Une multitude d'études se penchent aujourd'hui sur les atouts des corpus pour compléter les informations lacunaires données par les dictionnaires (Loock 2016). Nous ferons état d'une expérience menée auprès de deux groupes d'étudiants en lexicographie, issus de formations distinctes en France et en Italie: le Master LTTAC (Lexicographie, Terminographie, Traitement Automatique des Corpus) de l'Université de Lille et le Master international LSC (Language, Society & Communication) de l'Université de Bologne. Le cours proposé à ces deux formations a pour objectif de fournir les outils théoriques et pratiques fondamentaux pour l'analyse linguistique en français menée à l'aide de supports informatiques. Cette approche appliquée à l'étude de la linguistique est sous-tendue par une réflexion sur la formation des "nouvelles" compétences requises dans les métiers de la communication multilingue (rédacteur, traducteur, lexicographe, terminologue, linguiste computationnel, etc.)
Les étudiants, à qui nous avons demandé de tester des ressources lexicographiques traditionnelles (dictionnaires de langue, bilingues, terminologiques) et des technologies pour la traduction (corpus électroniques, traducteurs automatiques, concordanciers) pour traduire des textes français sur l'art, n'ont pas jugé l'exploration des corpus comme indispensable au regard des informations déjà repérées dans les dictionnaires. Ces corpus, sans doute utiles pour vérifier la fréquence d'emploi des termes spécialisés et pour détecter les collocations les plus récurrentes et pertinentes, ne sont pas toujours ciblés pour la tâche accomplie. Les étudiants interrogés ont relevé que les dictionnaires contiennent sûrement moins de contextualisations que les corpus, mais que celles qui sont présentes ont été triées par des experts, les lexicographes, possédant des compétences pour réaliser une analyse linguistique fine, alors que les données de corpus sous forme brute s'avèrent indigestes et difficiles à interpréter.

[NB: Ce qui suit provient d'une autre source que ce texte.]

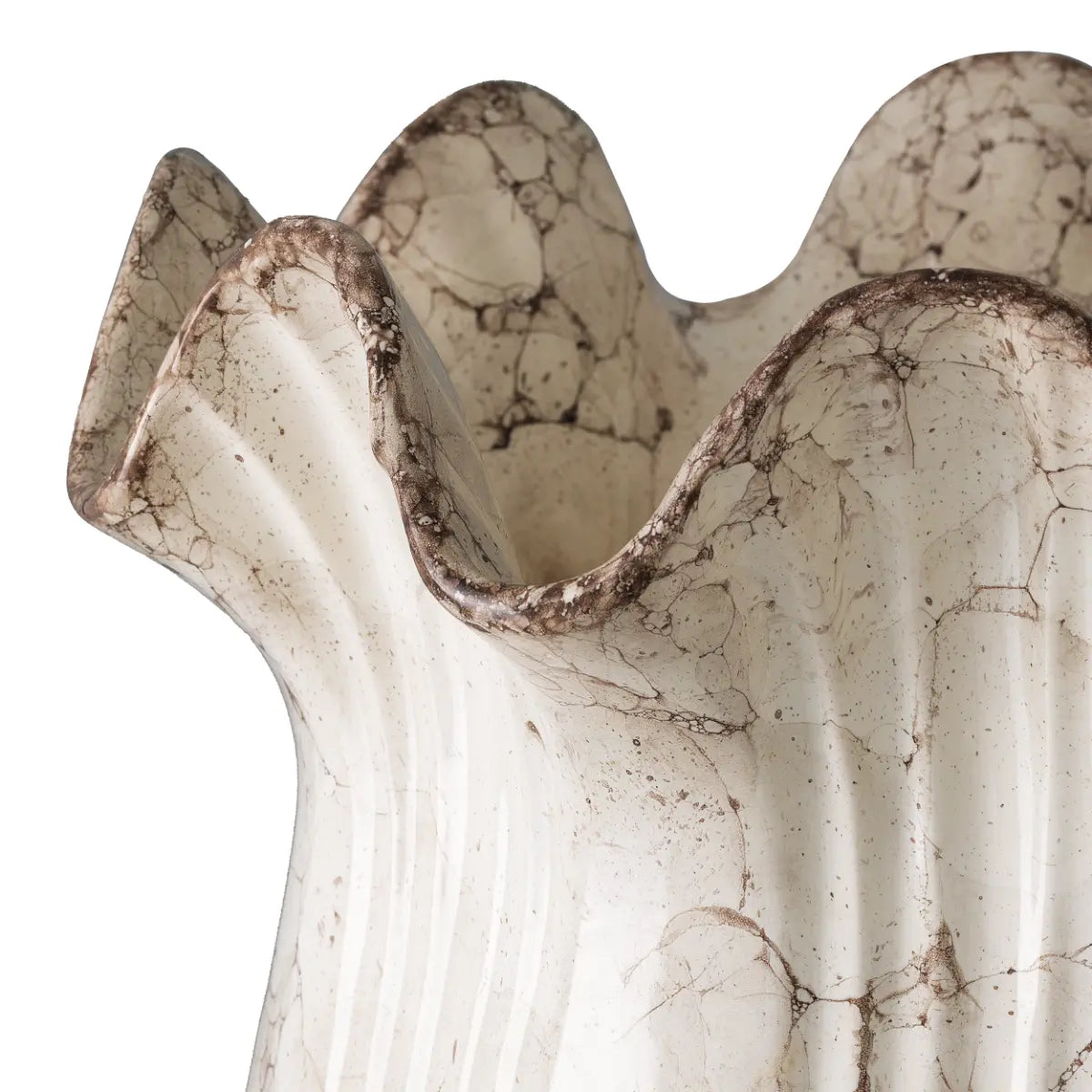EICHHOLTZ VASE TULIPA 120798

En appuyant nos observations sur les résultats de cette enquête et sur notre expérience de recherche en lexicographie et en linguistique de corpus, nous nous prononcerons en faveur des dictionnaires pour défendre leur valeur ajoutée à un moment de l'histoire où leur survie est mise en danger. Depuis la naissance de la lexicographie, la tâche du lexicographe, un spécialiste de la langue, est de condenser et d'agencer dans une entrée de dictionnaire les informations linguistiques nécessaires pour guider l'utilisateur dans la compréhension d'une unité lexicale sous toutes ses facettes. Aujourd'hui cette analyse fine préalable de données linguistiques est léguée à l'utilisateur du concordancier qui n'est pas toujours préparé ni formé convenablement pour accomplir cette tâche complexe. Autrement dit, en demandant à l'utilisateur d'analyser toutes les concordances, au lieu d'accélérer et de faciliter sa tâche, on lui donne du travail supplémentaire qui était auparavant effectué par le lexicographe professionnel. Si l'on pense aux progrès accomplis dans l'histoire de la lexicographie française (du Littré au Petit Robert en passant par Hatzfeld et Darmester), peut-on soutenir qu'une véritable (r)évolution en lexicographie s'est affirmée à la suite de l'avènement de la linguistique informatique ? Nous montrerons que l'analyse fine donnée par des dictionnaires, de bons dictionnaires bien entendu, ne pourra jamais rivaliser avec des corpus et que ces derniers ne pourront pas mettre en question la survie de ces mêmes dictionnaires.